Task
Copy out each line below verbatim, skipping any picture.

··· Dataset excerpt

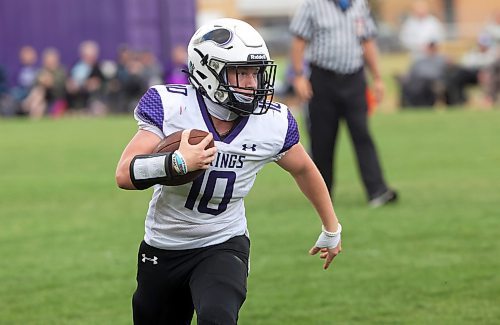 19092024
Quarterback Colten Malyon #10 of the Vincent Massey Vikings runs the ball during high school football action against the Coll&#xe8;ge Sturgeon Heights Collegiate Huskies at VMHS on Thursday afternoon.
(Tim Smith/The Brandon Sun)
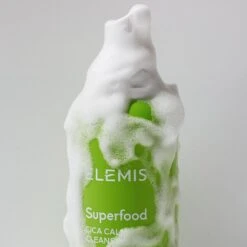 Elemis SuperfoodCICA Calm Cleansing Foam -Stralend Schoon https media prod eu 1.mirakl.net SOURCE 42eb45d7fb8a48048f97a9219fcd4e69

······

Answer area
 19092024
Quarterback Colten Malyon #10 of the Vincent Massey Vikings runs the ball during high school football action against the Coll&#xe8;ge Sturgeon Heights Collegiate Huskies at VMHS on Thursday afternoon.
(Tim Smith/The Brandon Sun)
 Elemis SuperfoodCICA Calm Cleansing Foam -Stralend Schoon https media prod eu 1.mirakl.net SOURCE 42eb45d7fb8a48048f97a9219fcd4e69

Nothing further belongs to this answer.